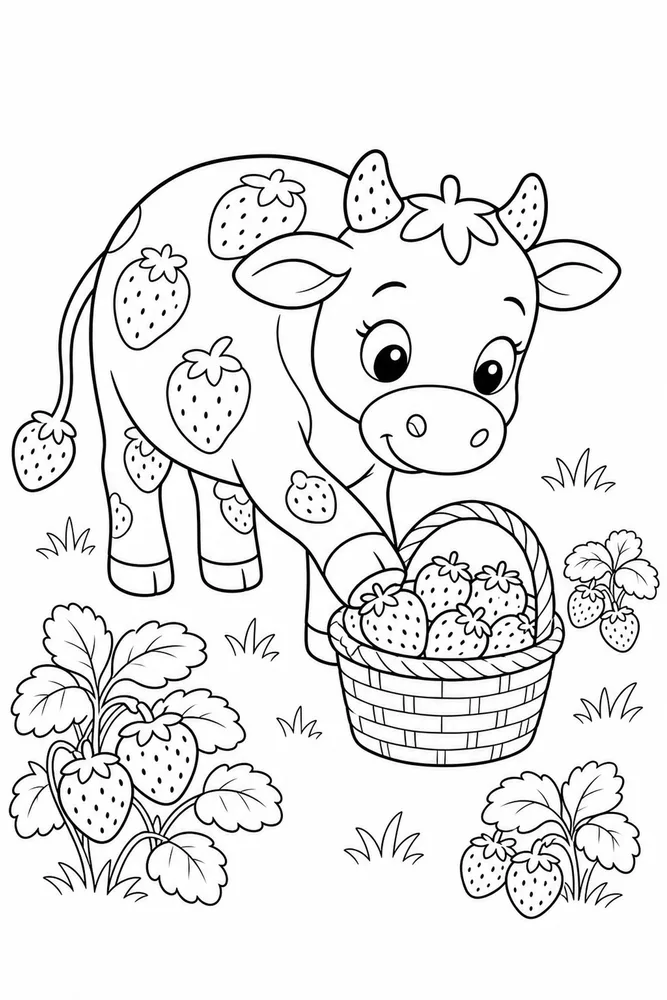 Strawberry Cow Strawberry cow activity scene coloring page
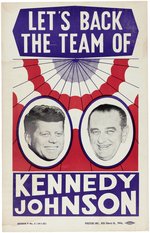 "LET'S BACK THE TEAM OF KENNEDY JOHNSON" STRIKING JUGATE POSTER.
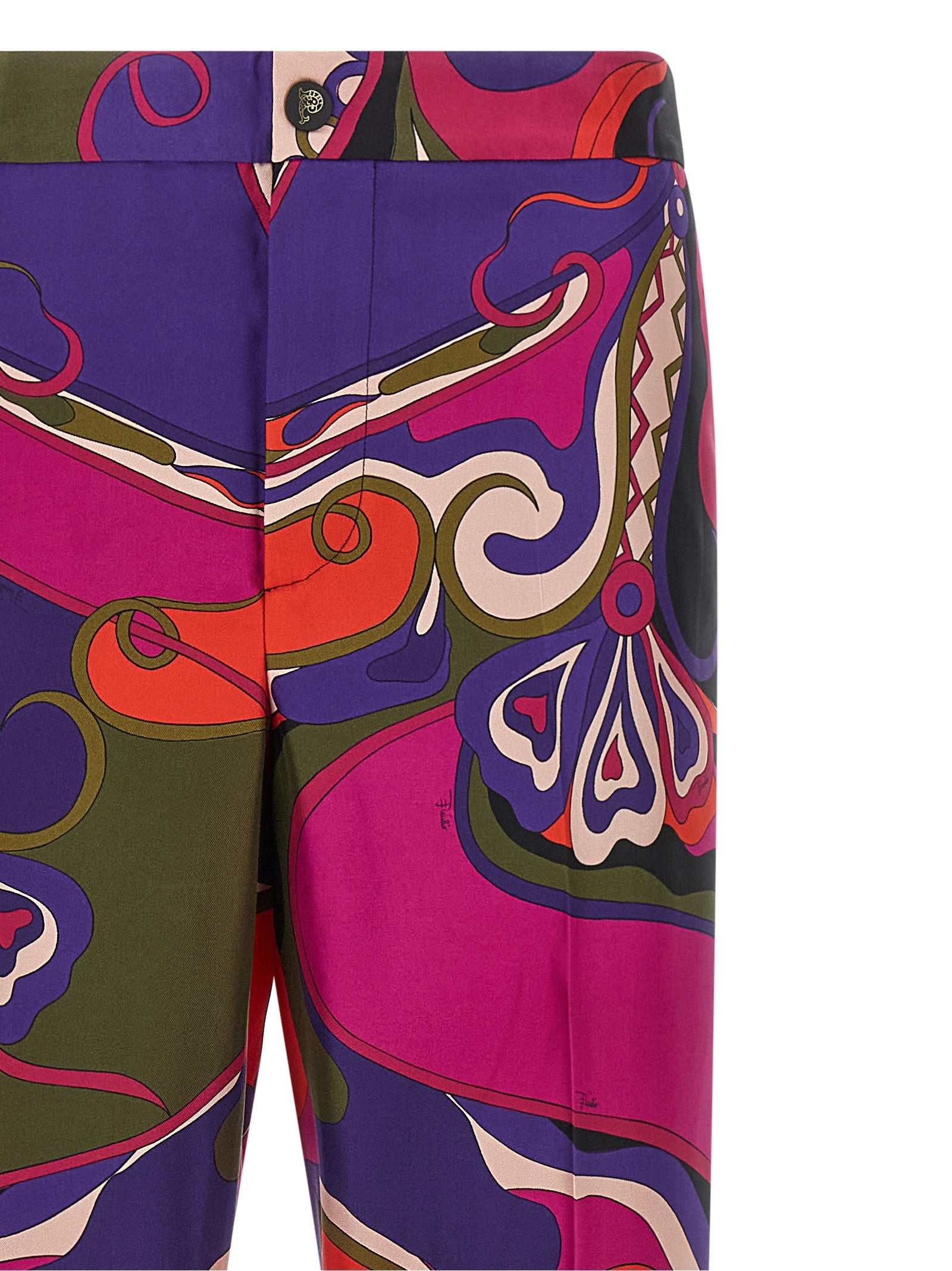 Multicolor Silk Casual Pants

**ABOUT THIS EXERCISE**
The preceding listing is to be restated word for word, with every picture omitted.

**ANSWER SPACE**
 Strawberry Cow Strawberry cow activity scene coloring page
 "LET'S BACK THE TEAM OF KENNEDY JOHNSON" STRIKING JUGATE POSTER.
 Multicolor Silk Casual Pants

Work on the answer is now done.